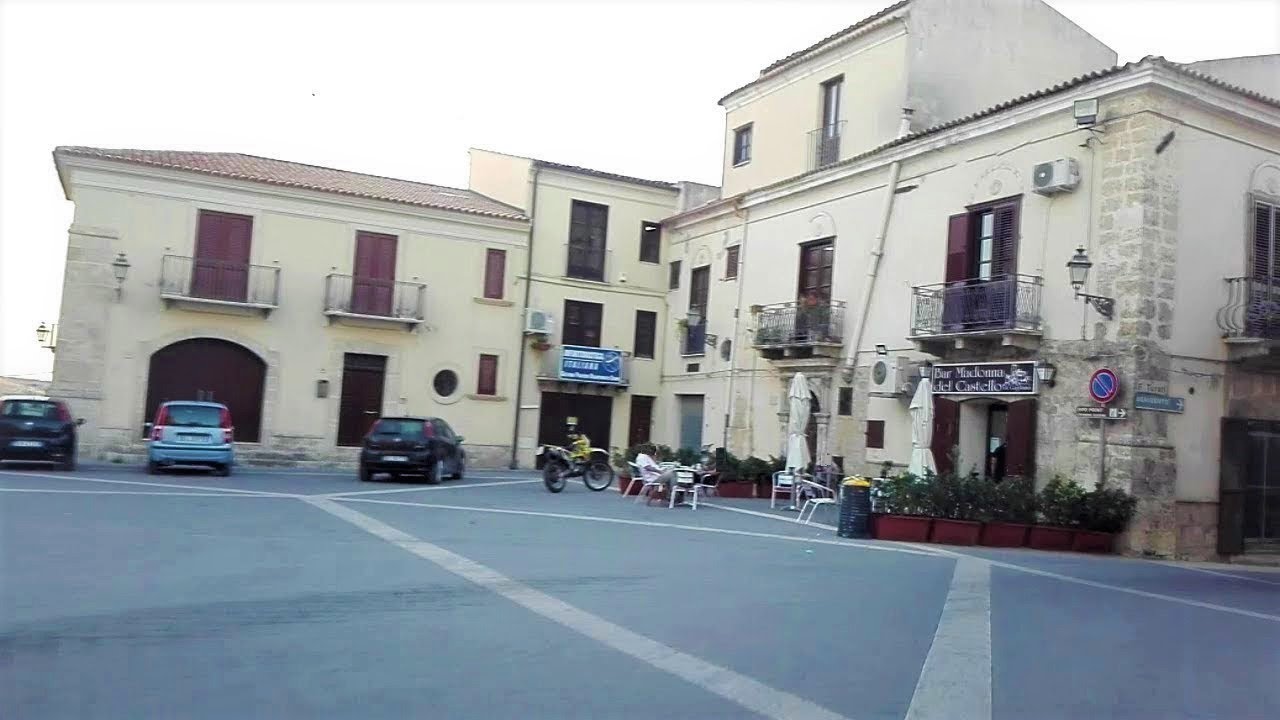 Palma di Montechiaro - Strade Parte 288 - Chiesa Madre, o Cullegiu, o Priatò, a Batia, a Piazza 2020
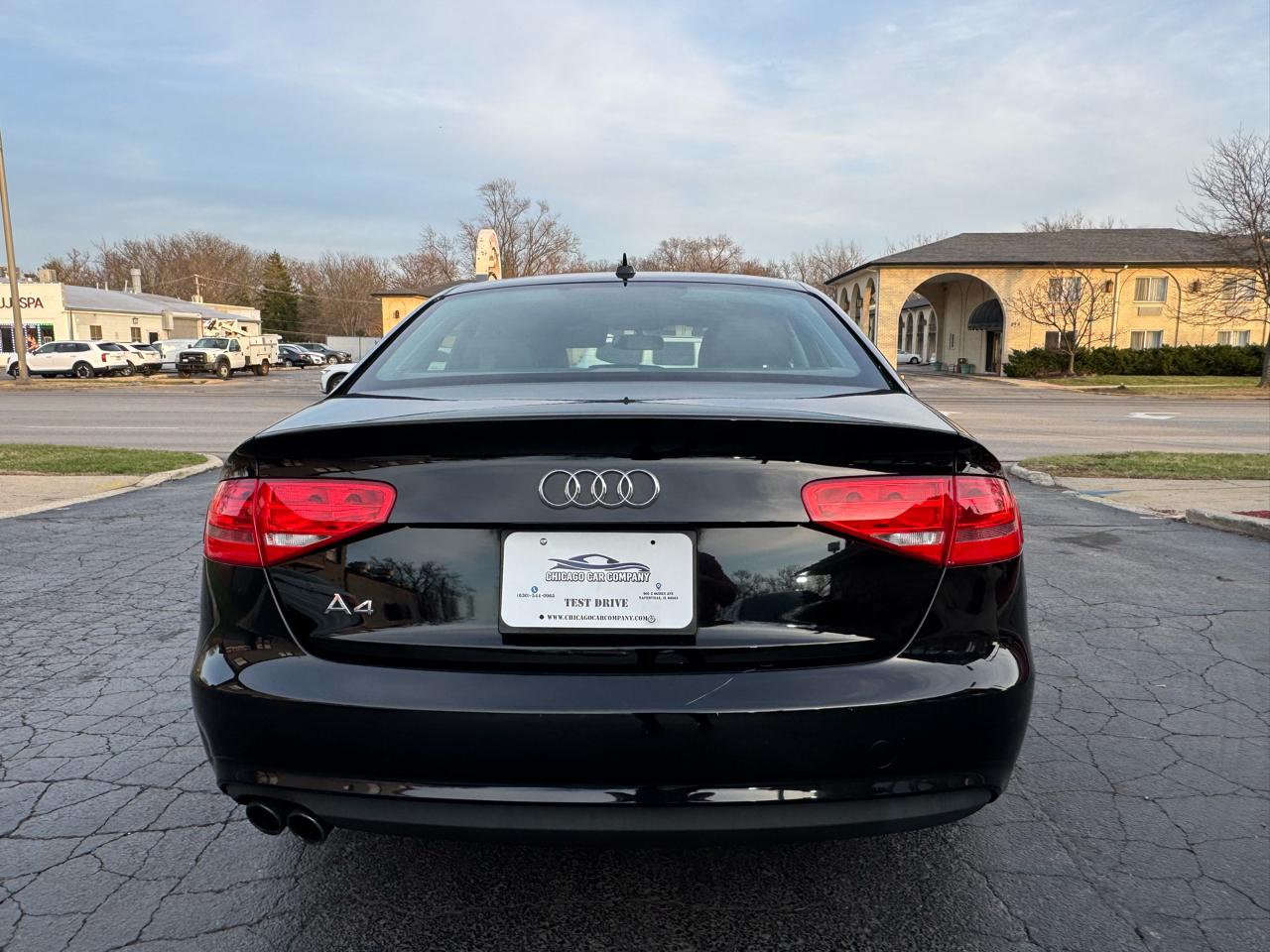 Audi A4 4dr Sdn CVT FrontTrak 2.0T Premium 2014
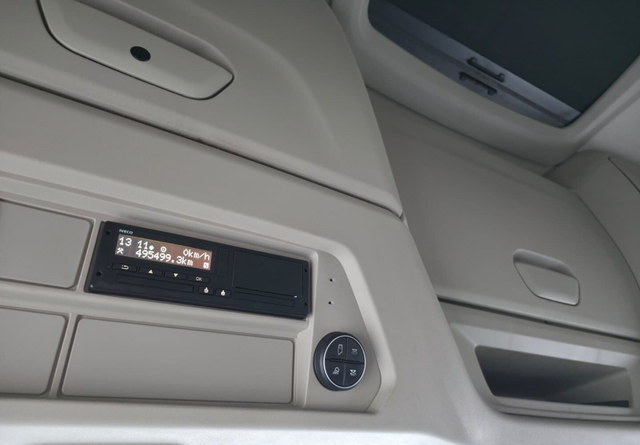 Tractor head IvecoS-Way 460 4x2 LNG / LBG: gambar 16 Tractor head IvecoS-Way 460 4x2 LNG / LBG: gambar 16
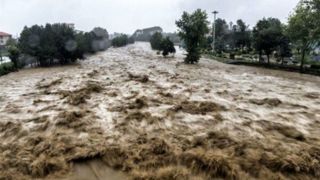 طغیان رودخانه این محور را مسدود کرد طغیان رودخانه این محور را مسدود کرد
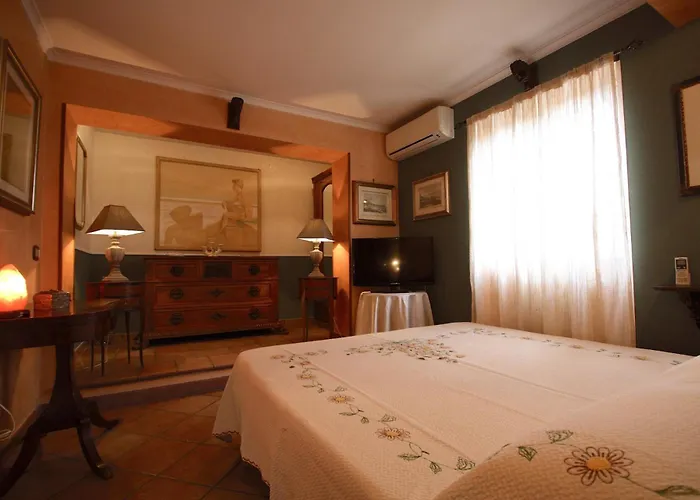 Marconi Penthouse Apartahotel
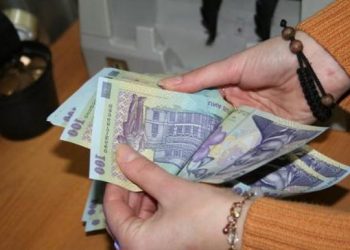 Bugetarii nu vor mai primi al 13-lea salariu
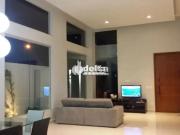 Casa / Sobrado em Condomínio para Venda em Uberlândia/MG...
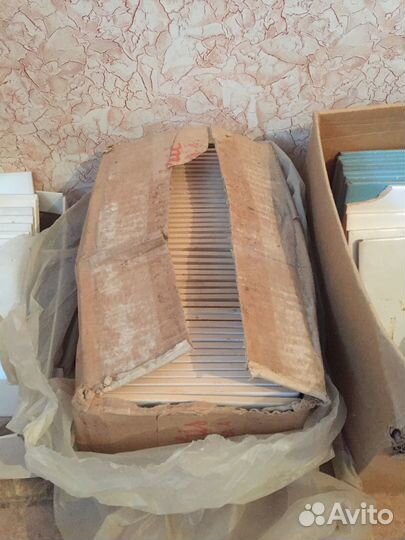 Керамическая плитка остатки белая Югославия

++++++

EXERCISE DETAILS → Once the line containing "Marconi Penthouse Apartahotel" is found, transcribe it and every line after it to the end of the records, exactly and with no pictures.

RESULT OF THE EXERCISE →
 Marconi Penthouse Apartahotel
 Bugetarii nu vor mai primi al 13-lea salariu
 Casa / Sobrado em Condomínio para Venda em Uberlândia/MG...
 Керамическая плитка остатки белая Югославия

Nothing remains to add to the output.